Czeslaw Milosz Poster de T.A. |
The Captive Mind
by Czeslaw Milosz
I wonder how many books got sold or thrown out the year after the Soviet Union collapsed. My friend told me that his public library had shelves and shelves of books for sale written by political scientists during the Cold War, all trying to puzzle out what the Soviets were thinking. Most of them are temporary in the way that all such books are temporary, but I’m sure there is a great deal of intelligence there that is perhaps never going to see the light of day again, except by the occasional historian.

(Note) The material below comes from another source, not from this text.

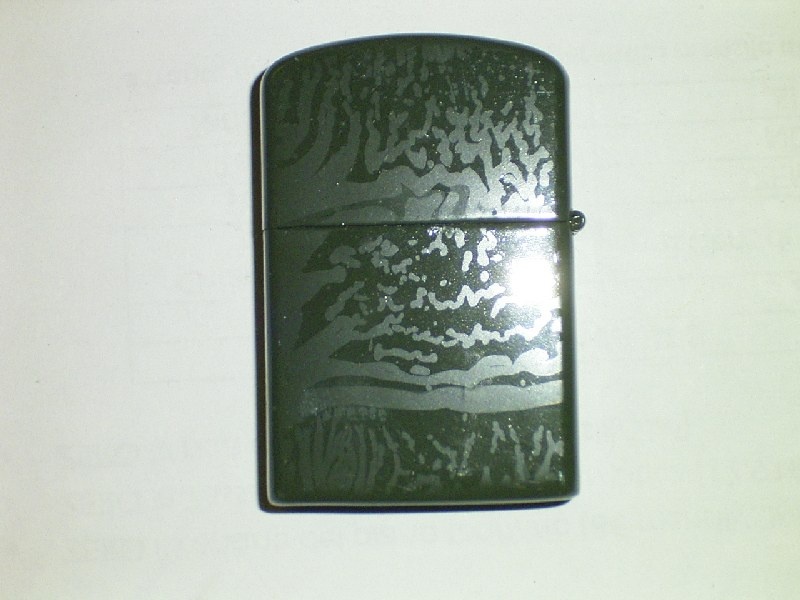 Accendino green enamel finish Zippo lighter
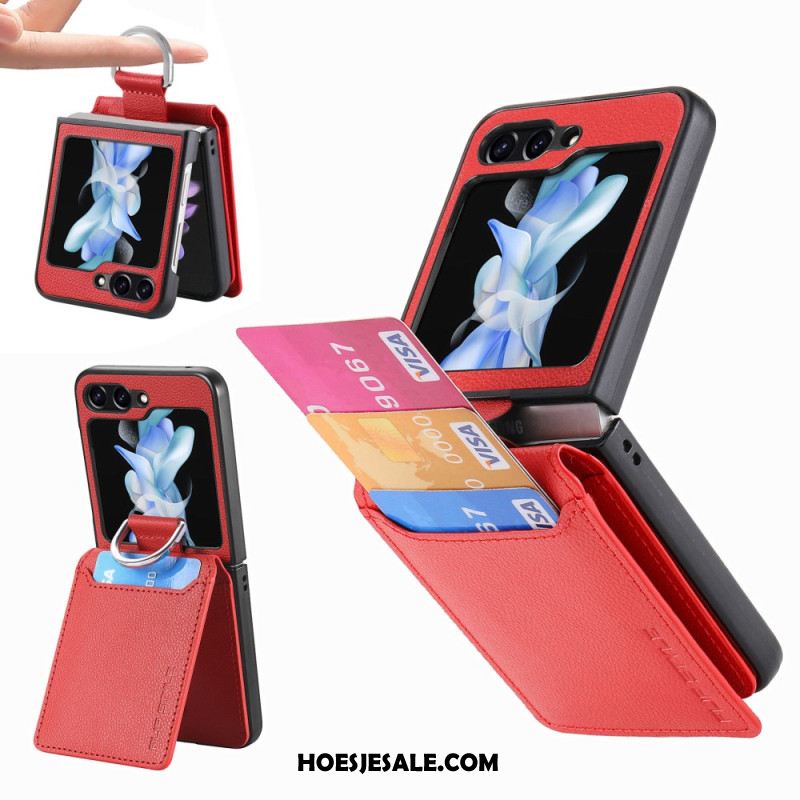 Hoesje Samsung Galaxy Z Flip 7 Fe Kaarthouder Met Standaard En Ring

Among the books that have already started to gather dust are the most distinguished works related to communism. I doubt many people will read Koestler in another fifty years. I don’t know a single person that’s read John Reed, or Isaac Deutscher’s biography of Trotsky (unless you count Tony Blair; it’s apparently one of his favorites). All those novels about nuclear anxiety will probably soon be forgotten too: On the Beach, etc. Even Faulkner’s famous Nobel lecture seems so dated. None of my friends who studied philosophy care much about Karl Popper or Alexander Herzen.
The obvious exception is 1984, which survives even as Animal Farm, deservedly, disappears along with the memory of its historical originals. Another book that deserves to survive, and I fear will not, is Czeslaw Milosz’s The Captive Mind. I am a little embarrassed about why I picked it up. The book is a study of the capitulation of artists to the demands of Communism, and I was looking for some insight into the bad state of political affairs in this country—the fact that so many people who seem bright enough are willing to accept what they must know are lies for the sake of their political affiliation.
The book’s epigram appeared to prepare me for getting what I wanted; it is a quote from “an old Jew of Galicia”:
When someone is honestly 55% right, that’s very good and there’s no use wrangling. And if someone is 60% right, it’s wonderful, it’s great luck, and let him thank God. But what’s to be said about 75% right? Wise people say this is suspicious. Well, and what about 100% right? Whoever say he’s 100% right is a fanatic, a thug, and the worst kind of rascal.Hooray, I thought! Take that, Dubya! Because what I wanted out of this book was to be told things I already knew, with a dash of wit, from someone with some moral authority. Basically, I was looking for another one of the political cheerleading books that work their way, within a year, from the central display case to the $1 section at the back of the store. I was a symptom of the bad situation I was describing.
In any case, as I started reading, I realized I wasn’t going to get what I was looking for. Milosz describes the attractions of Communism; the hard questions that any all-embracing philosophy spares a person from answering for herself; and the strange sort of dissembling life produced in a society of informants. There were oblique analogies here to American life, but nothing direct. Everything was beautifully written, and clearly the product of an incisive mind, but it felt like a book that no one would much care to read fifty years from now.
And then, a few chapters in, Milosz starts writing a different sort of book. He produces four character sketches of artists known to him who, in some form of another, decided to bend their art to the demands of the state. He doesn’t name any of these people, but each can be said to conform to a certain artistic type; the names of the chapters are Alpha, the Moralist; Beta, the Disappointed Lover, and so on. Each one is enthralling. It is one of the most beautiful acts of identification I have ever come across. Novelists are continually writing about artists – painters, musicians, other writers – but I have never come across another book that I felt had such insight into the different varieties of the artistic temperament.
Milosz does not attempt any generalizations; the sketches, in addition to being a history of life in Poland during the Nazi years, are attempts to see what made these specific writers decide to alter their art to the dictates of socialist realism. Milosz describes their life and temperament, he reads everything they have written; and slowly, he brings out some element of their outlook that keeps emerging through their life and work, something that makes them willing to settle, in the end, for untruth.
Most Western artists no longer have to worry about the demands of the state, but the traits that make a person susceptible to one capitulation will always leave him open to others, and modern society has no end of compromises that it encourages artists to make. Forget modern society—life encourages compromises. It is always easier to take your cues from convention, give up before something is quite right—or, for that matter, just leave the damn page blank and go to bed.
There are a few books that I feel like I need to read every few years to steady myself somehow. Dialogues Concerning Natural Religion is one; I think this will become another. I encourage everyone to read it.